Rise of lean, digitally sophisticated planes sees 747's days numbered

07 July 2017 Consultancy.uk 4 min. read

Huge improvements to airline technology could soon see fleets expand by over 20,000, while the number of passengers by the end of 2017 could increase by 10,000, according to a new report. The iconic Boeing 747 meanwhile looks set to be phased out rapidly, as planes with double the seating capacity begin to take to their routes.

Top Chinese cities like Hangzhou, Xi’an, or Chengdu were once inconvenient destinations for frequent flyers, however, thanks to recent innovations in fuel-efficiency technology, the likes of Boeing’s 787 Dreamliner or Airbus’ A350 can now offer more non-stop routes from less popular locations. Passengers in the Middle East and Asia are seeing new opportunities for single flight trips to US West Coast, urban areas in China, and Perth, London, Doha, Edinburgh, Sao Paulo and Lome.

Oliver Wyman’s 2017 Fleet Forecast claims greater improvements could be on the way in the near future though, with airlines aiming to expand even further, in line with an 10,300 increase in the number of passengers by the end of 2017, alongside 20,000 new aircrafts expected to be delivered to commercial operators worldwide. Within the next decade 58% of the planes designed before 2000 stand to be replaced, with 10,000 earmarked for this year alone.

In accordance with the drastic replacement rate, Tom Cooper, Vice President with CAVOK, the aviation wing of Oliver Wyman, said, “The average age of the fleet will drop to 9.7 years old from 11.2 years today.”

The newer jets will have better technology than before with aircrafts providing more digitalised systems and predictive maintenance which should allow for planes to endure longer flying hours and offer new services to the passengers as well as well as the crew. One of the main features will include punctuality with more on-time takeoffs and arrivals.

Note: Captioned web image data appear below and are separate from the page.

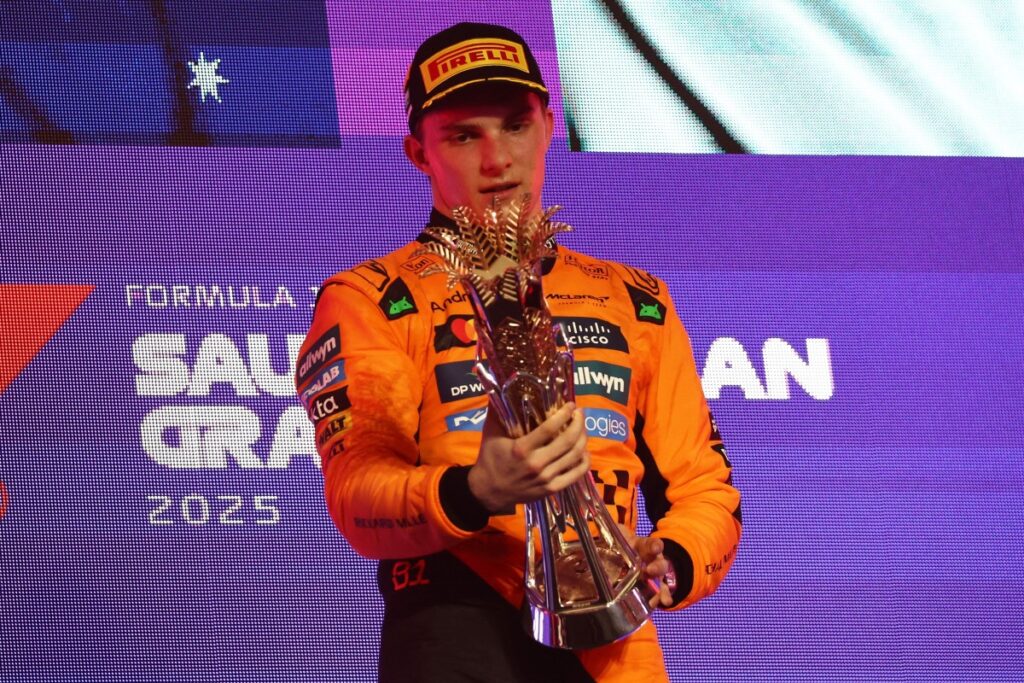 This victory marks Piastri’s third of the season—after Bahrain and China—and signals a shift in championship momentum / Photo via F1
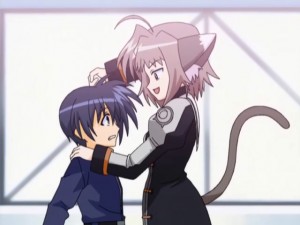Apparently, these cat girls have a thing for young boys.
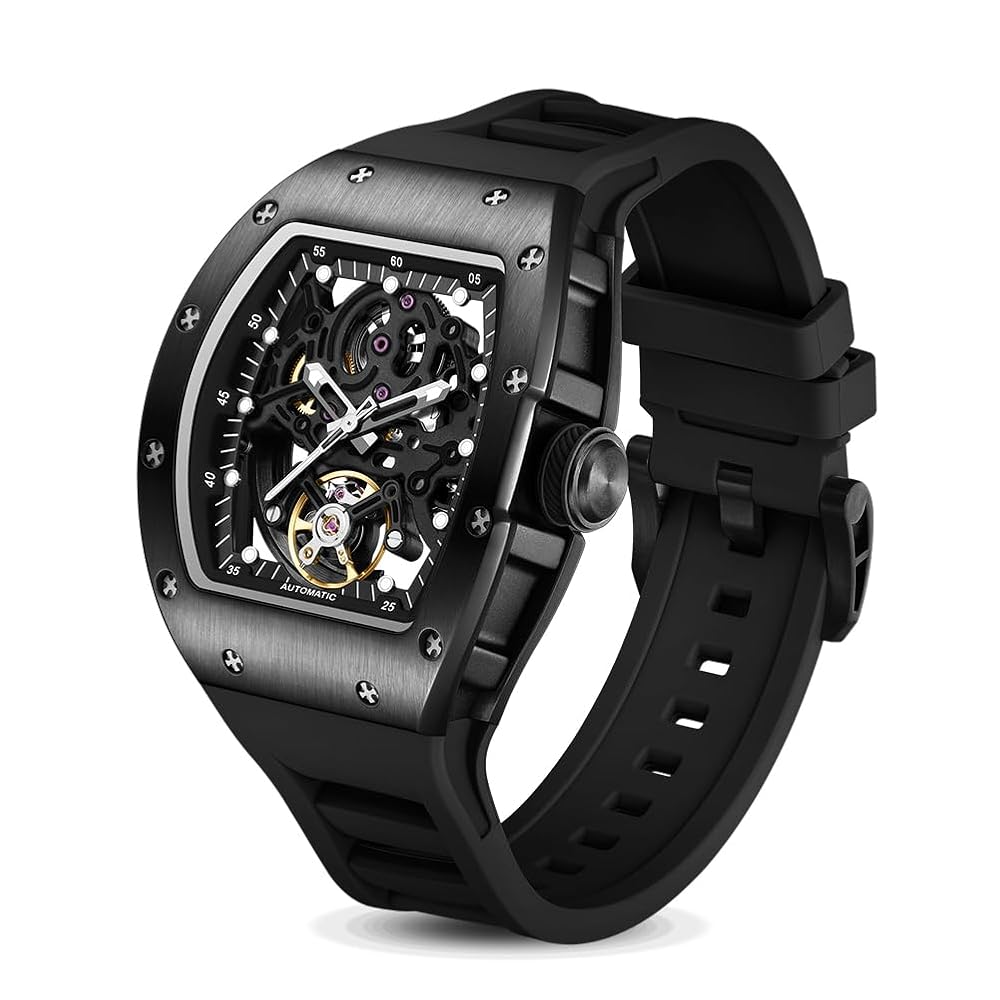 Amazon.com: RICHURUS Luxury Automatic Skeleton Watch, 42mm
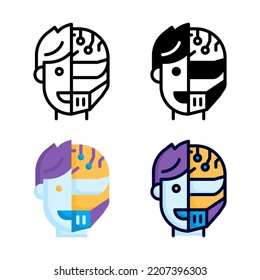 Humanoid Icon Set Style Collection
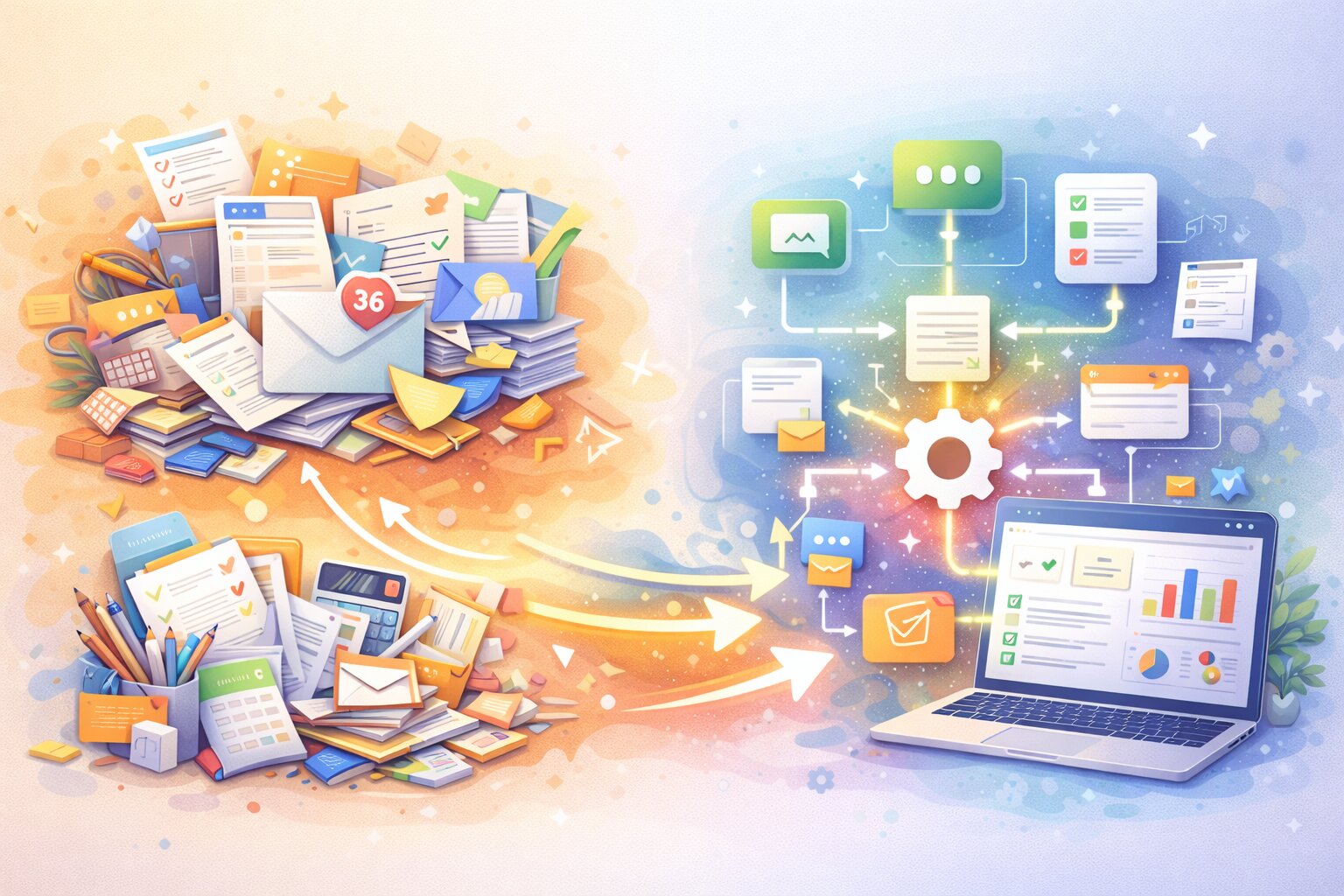 Weniger Chaos, mehr Struktur – wie Automatisierung deinen Arbeitsalltag verändert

Rise of lean, digitally sophisticated planes sees 747's days numbered

The structure of the 787s and A350s guarantees a better journey for passengers with the new built-in features, including a lighter composite structure greater pressurisation in the cabins which mimics lower altitudes. In addition, the new aircrafts will also deliver humidity controlled air, larger windows and electronically controlled window shades. The new planes are claimed to be more environmental friendly with less noise and a smaller carbon footprint, with Boeing 787 Dreamliner has 20 to 25% decrease in carbon dioxide emissions, and emits less hydrocarbon and smoke.

Asian fleet takes off

Overall, by 2027 the Asian fleet is expected to double in size, owing a great deal of success to the growth in the Chinese and Indian fleets. Aside from Asia, the North American fleet is expected to grow by 0.8% and will increase by 0.8% and Europe holding second place.

According to Cooper, overtaking the North American market, “Asia is the big regional story for the Fleet of the Future. By next year, the Asian fleet will become the largest segment, almost doubling its size by 2027 propelled by growth in the Chinese and Indian fleets.”

Within another decade, 7 of 10 planes will be narrow-body aircrafts, with emerging Asian fleets offering low-cost airlines on a worldwide scale. Narrow bodies, such as the Boeing 737MAX or the Airbus A320neo offer wider benefits, one being fuel efficiency. One of the most prominent narrow flights fly between mainland United States and Hawaii in addition to the trans-Atlantic routes between East Coast cities and European cities including Dublin and Lisbon.

For the past century, the prominences of the 747s have dominated the overseas flights, particularly in terms of passenger transport. The 50-seater regional jets and turbo-props are being replaced by 70 to 100 seat planes. The future seems bright for Boeing and Airbus aircrafts as they will continue to make up most of the fleet, however have been underperforming according to recent studies.

“The share of planes not produced by one or the other dropped from a high of 29% in 2009 to 17% in 2016. This trend is expected to continue for the foreseeable future,” said John Smiley, Senior Manager of Market Intelligence at CAVOK.

Overall, if the digitally complex fleet were to keep their promises and continue to advance, then airlines stand to provide a better service experience to customers, while improving overall efficiency standards. Smiley concluded, “This is good news for both airlines and passengers. The newer jets have more digitised systems and predictive maintenance that should keep planes flying longer and provide new services to passengers and the crew. With one quarter of delays airline-related, the better overall reliability may translate into more on-time take-offs and arrivals — also a big plus for weary business travellers.”